Incremental partitioned reload – Part I
11/27/2013 Deja un comentario
In this article I’ll explain how to make one (usually daily) periodic incremental load and provide the code to perform incremental loads partitioned by any numeric field.
Basically an incremental load works as follows:
This means that for the first time perform a full load and then just take each day’s news of the previous day and then add to these news everything that was already stored in the QVD and that is NOT on these news.
For example if a client (ID = 99) on day X is created on data source, and his address declared as “Route 66 Mi 456” that day will detect this row as a novelty, because it does not exist in the QVD, and therefore will be added to qvd. Later on X + N day customer moves to “Route 2 Mi 38” and the process of incremental reload will detect the novelty and will add the rest of the QVD (other customers), discarding the data which had kept to the client 99 (Route 66 Mi 456) and instead keeping customer ID=99 data that were recovered from the BD.
Achieve this requires that the table on which it will do incremental recharge meets two characteristics:
1- It must has a unique identifier.
2- It must have a field of type date or date-time where each time a record is created and / or modified in ANY way by the source system (transactional) this field is updated with the current date-time. This task is a commitment that must be agreed with the responsible source system.
To specify the explained and move forward here’s the code for a basic incremental recharge:
Set TimestampFormat=’YYYY-MM-DD hh:mm:ss[.fff]’; //Spanish format
LET v_CompareDate_1 = DATE(TODAY()-1,’YYYY-MM-DD’); // Yesterday
//Checks if the QVD file exists for the first time
IF NOT ISNULL(QvdCreateTime(‘incrementalTable.QVD’)) THEN
//It is not the first time, because the QVD file exists
//Recover all the news (new records + updates since last load (v_CompareDate_2)
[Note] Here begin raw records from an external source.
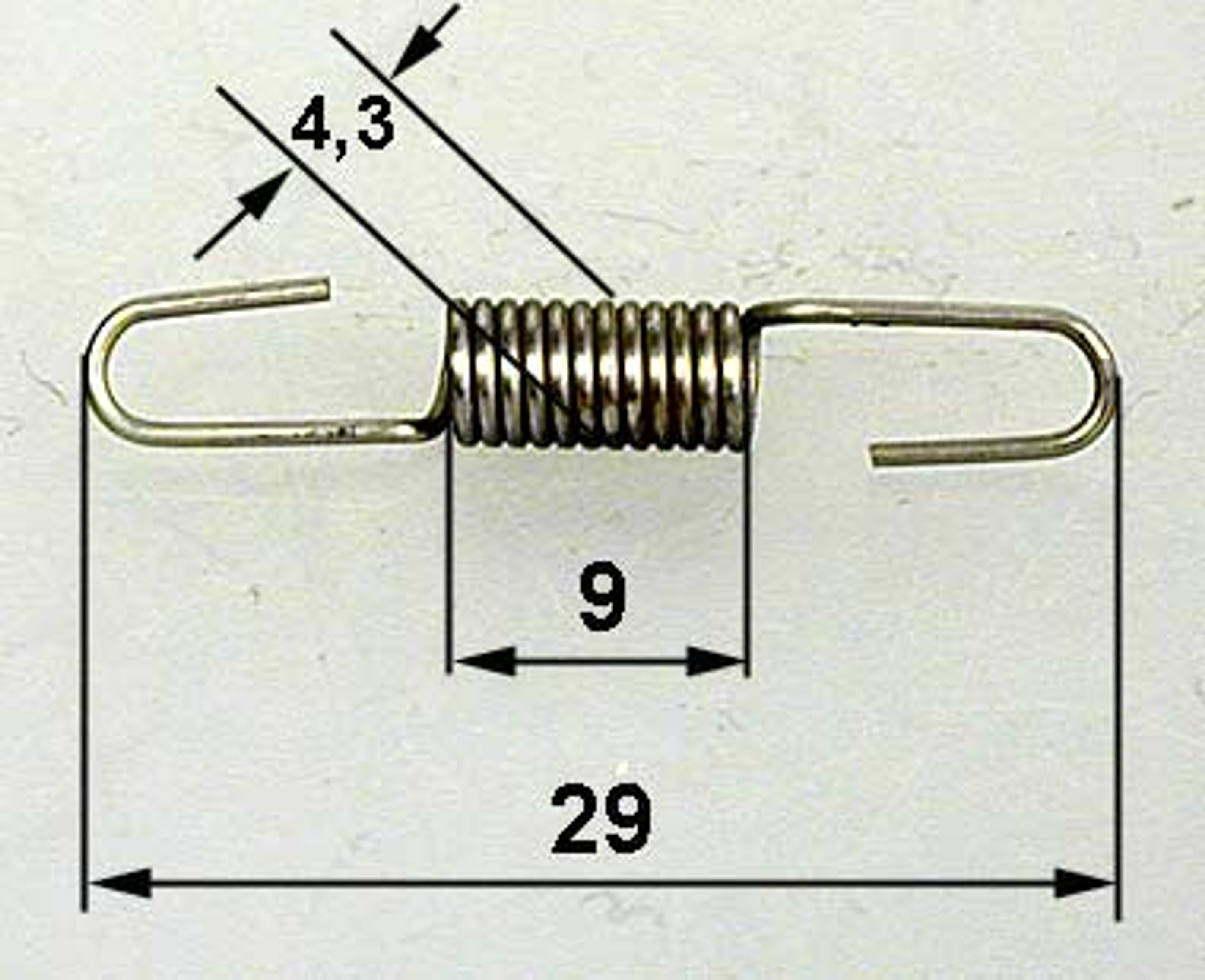 Masterfix replacement spring, y0166 - 2pcs.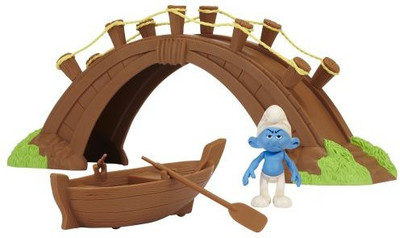 

The Smurfs Movie Theme/Adventure Gift Packs Wave #1 Smurf In Smurf Village Bridge Theme Set(Multicolor)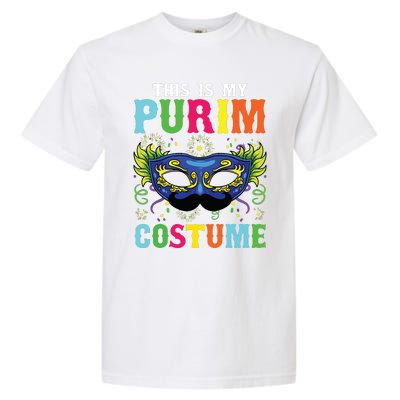 This Is My Purim Costume I Jewish Happy Purim Garment-Dyed Heavyweight T-Shirt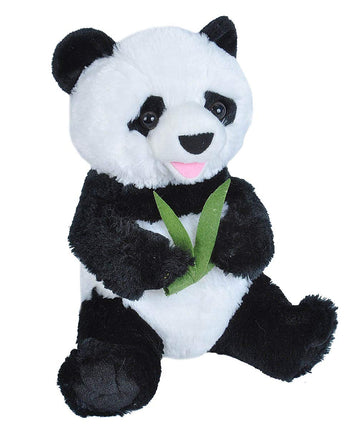 Cute Panda with Bamboo Sitting Soft Toy / 32CM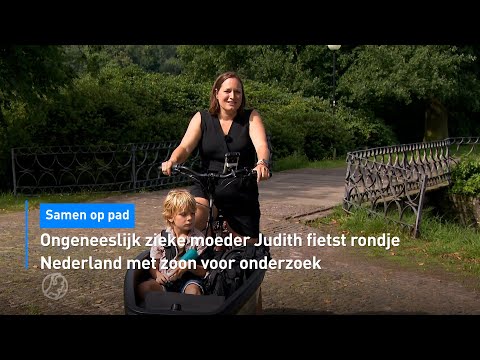 🚲 Ongeneeslijk zieke moeder Judith fietst rondje Nederland voor onderzoek | Hart van Nederland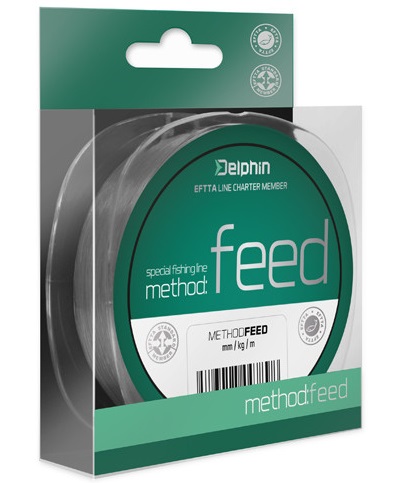 Delphin vlasec method feed šedá 150 m-priemer 0,14 mm / nosnosť 4 lb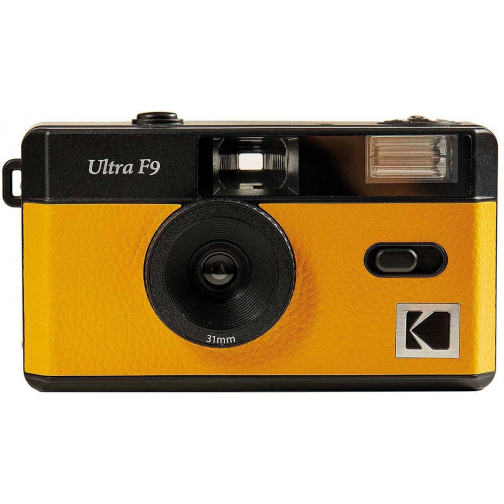 Kodak appareil photo argentique rétro Ultra F9, 35 mm, jaune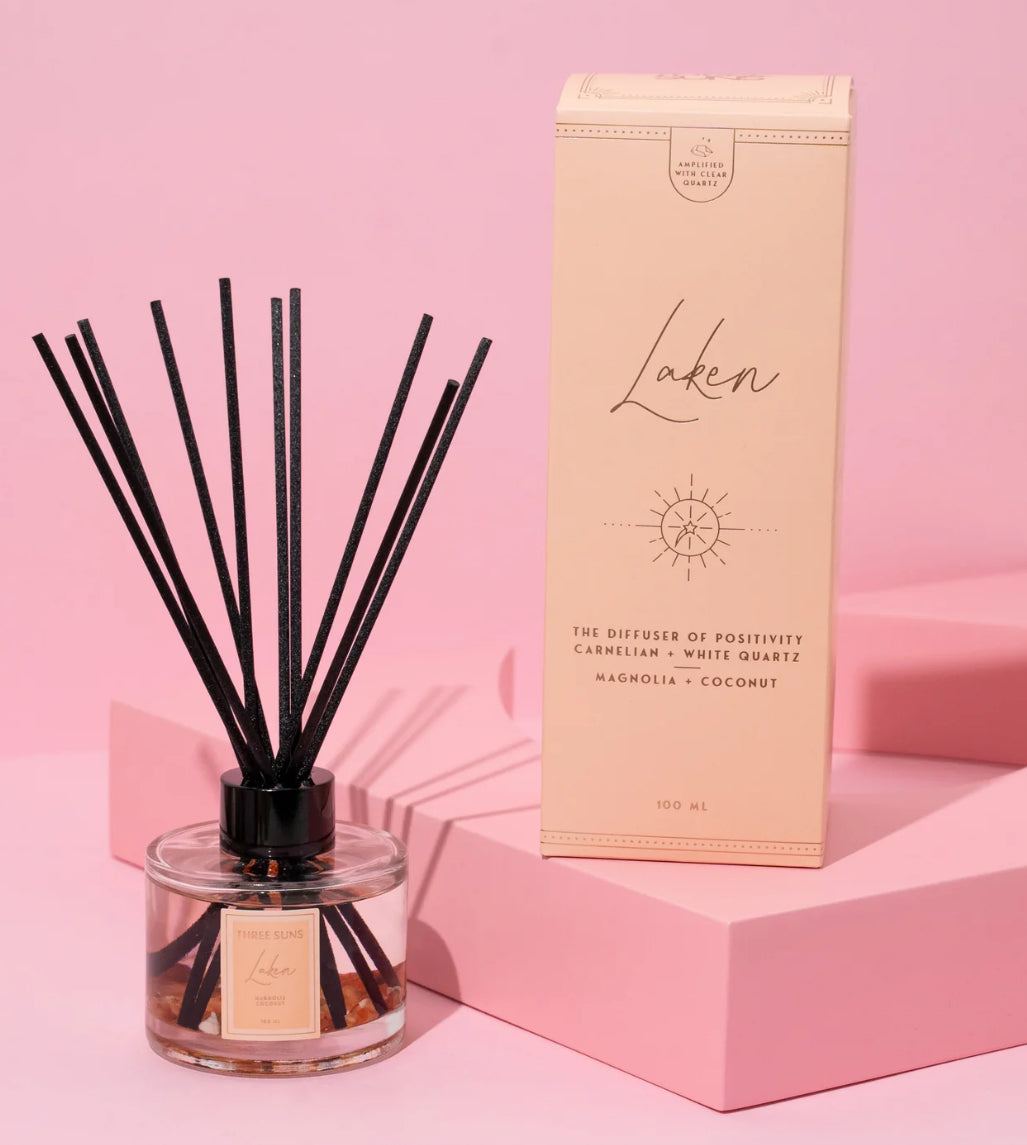 LAKEN | 100ML DIFFUSER OF POSITIVITY | MAGNOLIA + COCONUT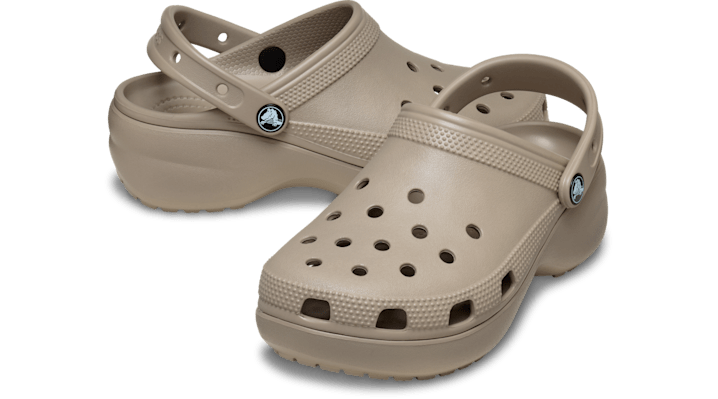 Crocs | Women | Classic Platform | Clogs | Taupe | - 206750-214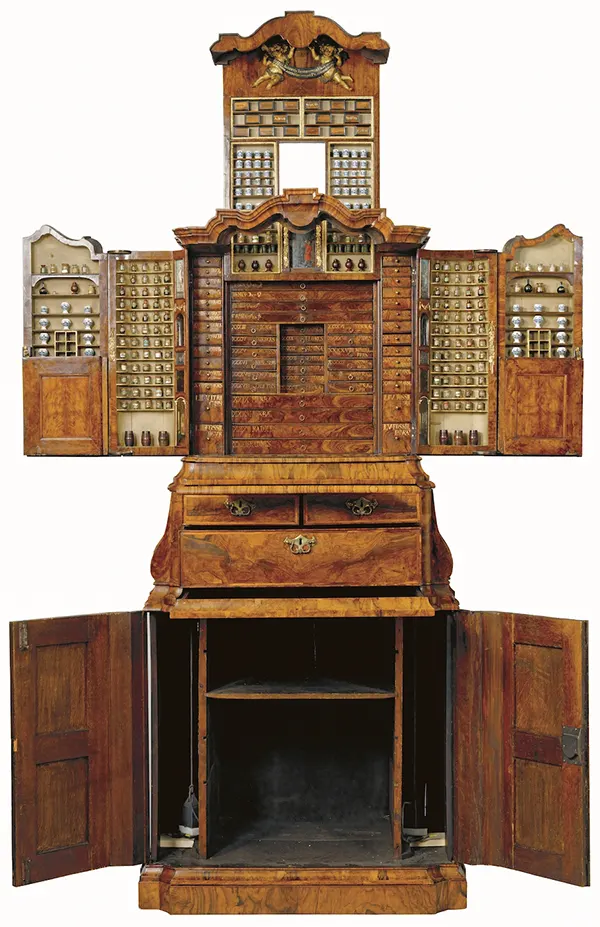 photos of elaborate cabinets from history 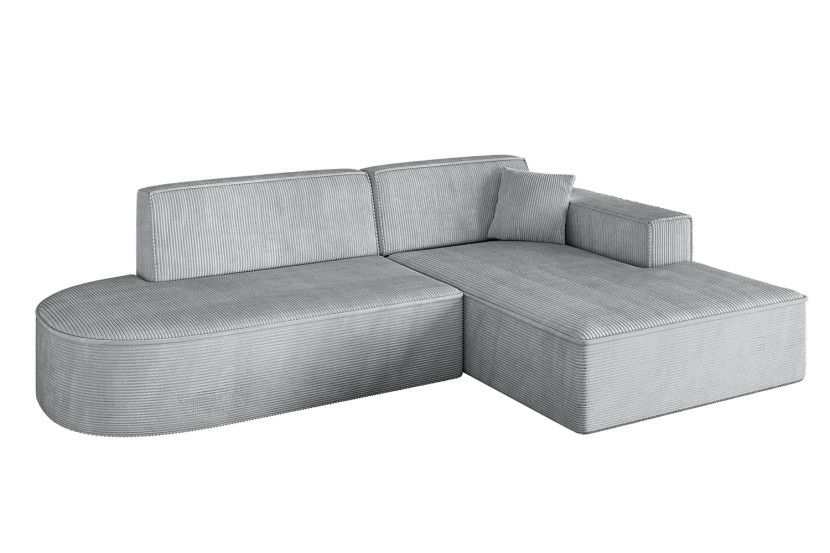 Narożnik prawostronny bez funkcji spania IREA-L1-v4 232x165x77 cm Szary 775399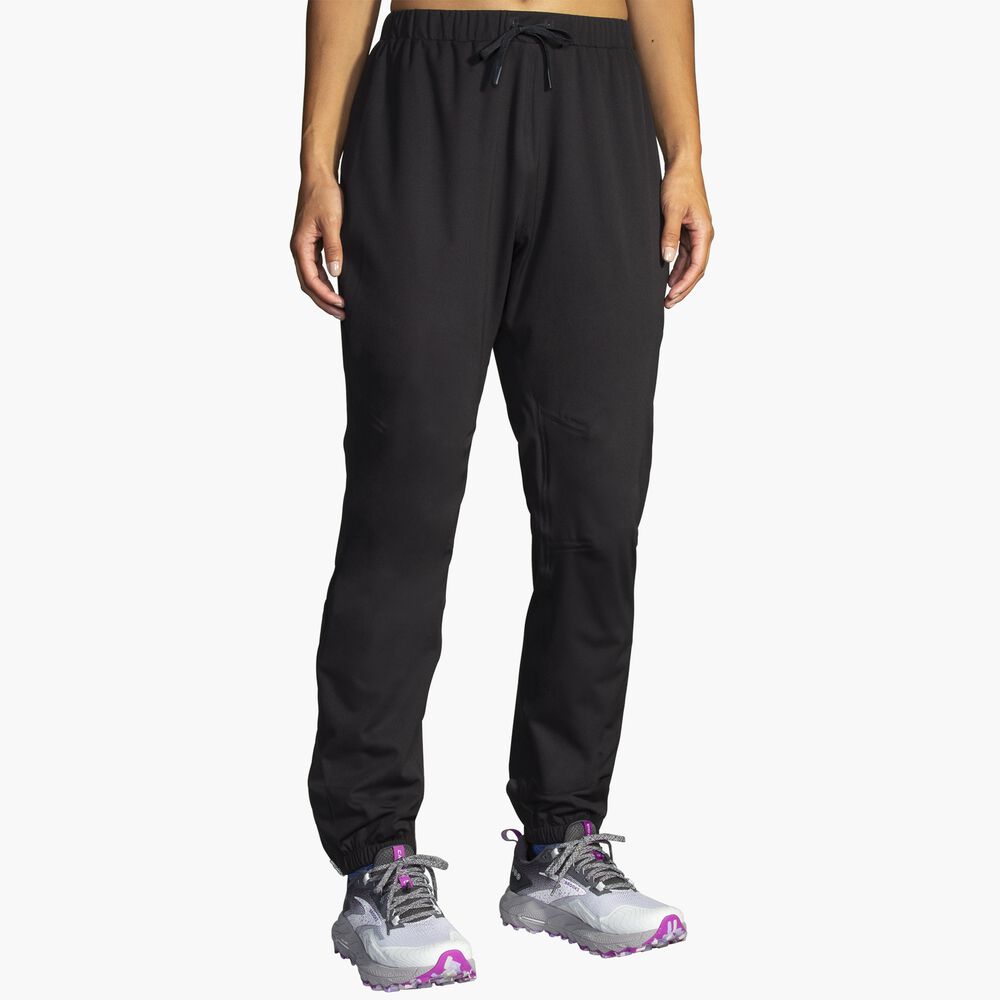 Brooks High Point Waterproof Pant - Schwarz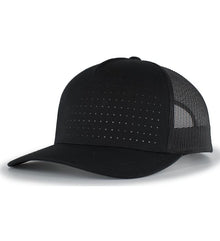 Pacific Headwear Perforated 5-Panel Trucker Snapback Cap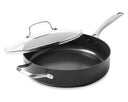 GreenPan Salteadora con tapa Copenhagen Negra ø 28 cm / 4,3 litros - revestimiento antiadherente cerámico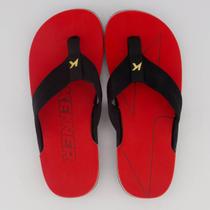 Chinelo Kenner NK6 Pro II Preto e Vermelho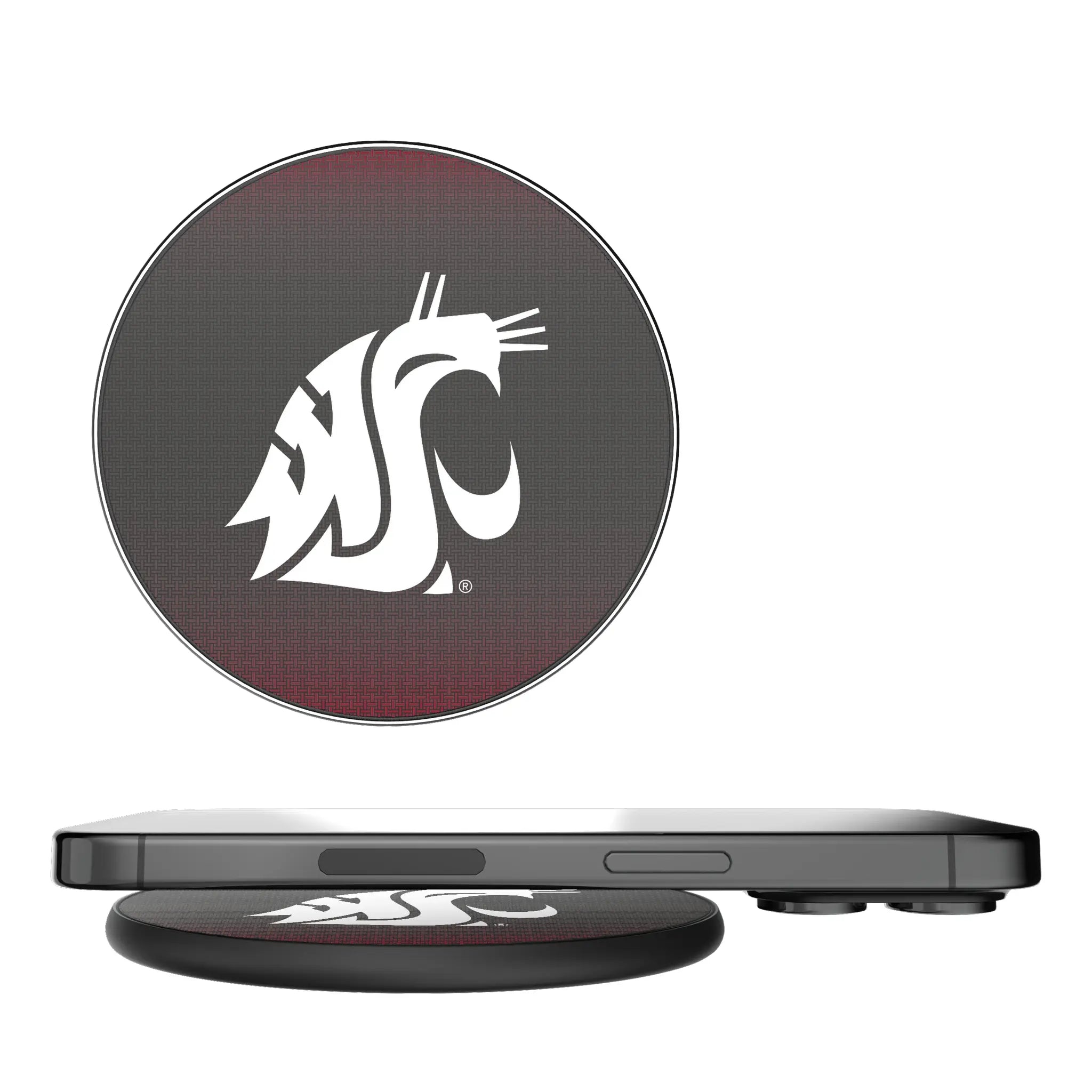 Washington State University Cougars Linen 15-Watt Wireless Charger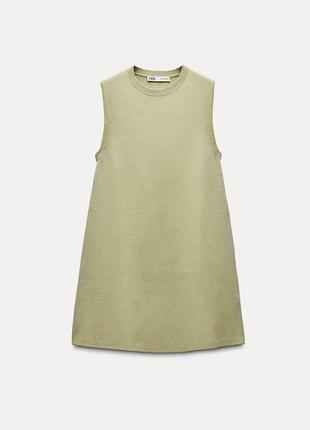 Платье плотной вязки zara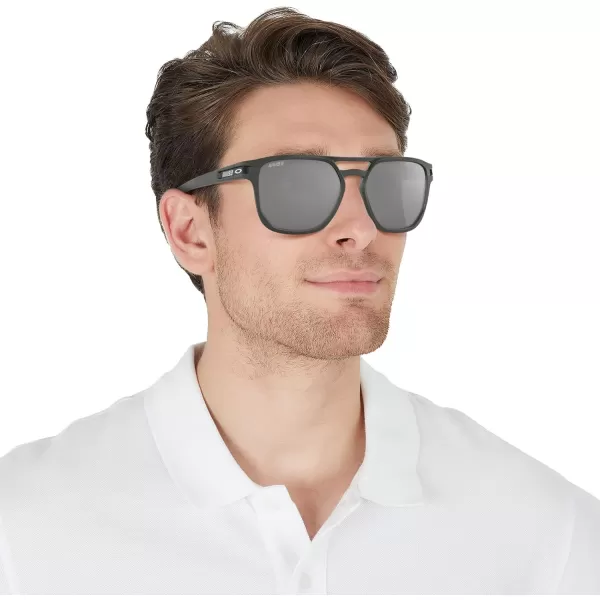 imageOakley Mens Oo9436 Latch Beta Rectangular SunglassesMatte OlivePrizm Black
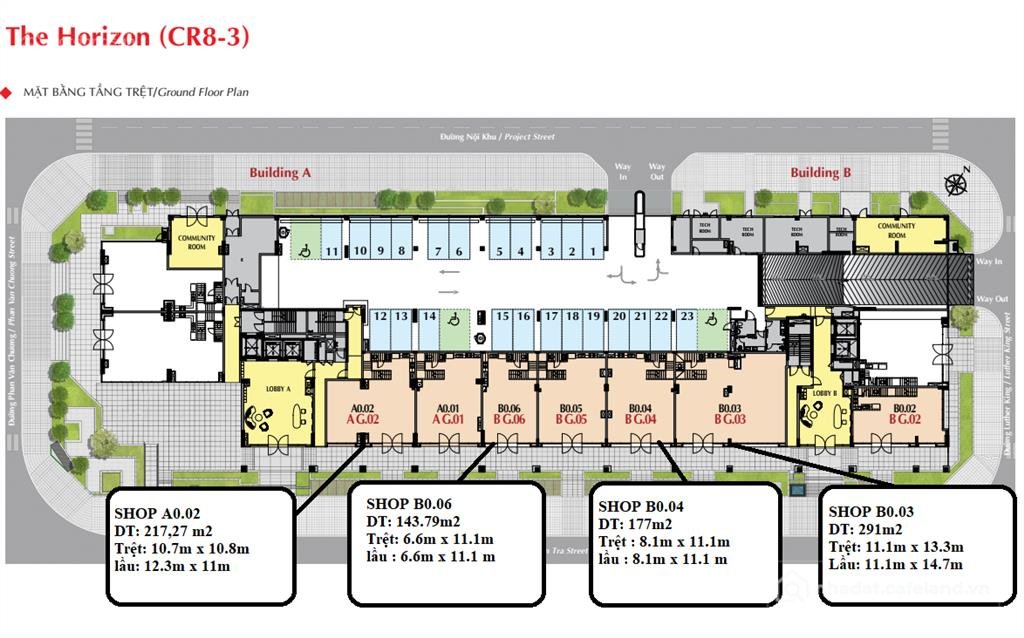 Bán nhà riêng: Bán căn shophouse the horizon đường trần văn trà, giá gốc cđt phú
LOAD *; //If prefer can detail a list of fields
SQL SELECT * //Can detail fields list
WHERE LastUpdateDate >= TO_DATE(‘$(v_CompareDate_2)’,’YYYY-MM-DD’);
//Adds records stored en prvious days into QVD file and doesn’t exist as news
FROM incrementalTable.QVD (QVD)
WHERE NOT EXISTS (UNIQUEID);
// first time running: the QVD file doesn’t exist
// So it makes a full load
SQL SELECT * FROM sourceTable;
STORE incrementalTable incrementalTable.QVD;
DROP TABLE incrementalTable;
LET v_CompareDate_2 = ‘$(v_CompareDate_1)’;
We will highlight some points of the code:
1) How to detect the latest news?
We do read all of BD what happened after the last time ran this same script: “WHERE LastUpdateDate> = TO_DATE (‘$ (v_CompareDate_2)’, ‘YYYY-MM-DD’)”. This could be yesterday or two weeks ago, it does not matter because the date of the last run (less one day) was stored in “v_CompareDate_2” variable (remember that QV variables are persistent over time).
2) How to avoid loading new rows that had been previously loaded (duplicity)?
If the QVD had rows stored already present among the news we will keep these news and discard what was stored: “WHERE NOT EXISTS (UNIQUEID)”
3) How the join the news with other previously stored data?
Concatenating two sets (news + “legacy” data): “CONCATENATE (incrementalTable)”
4) How “prepare” the script for the next run? Seting the value of “v_CompareDate_2” to “v_CompareDate_1”: “LET v_CompareDate_2 = ‘$ (v_CompareDate_1)'”
Thus we have a script able to load an entire table in his first run and after that just extract and store the news replacing the old versions of these records if any.
However although this technique optimizes BD reading and transfer of data it has a performance issue: if the resulting QVD is truly large (> 1 or 2 TByte) , every time it runs reads and saves a very large file to disk, so even with fairly powerful servers it can take on the order of 10-20 minutes, doing heavy execution and consuming valuable time of an operating window that in many organizations is often narrowed to a few dawn hours.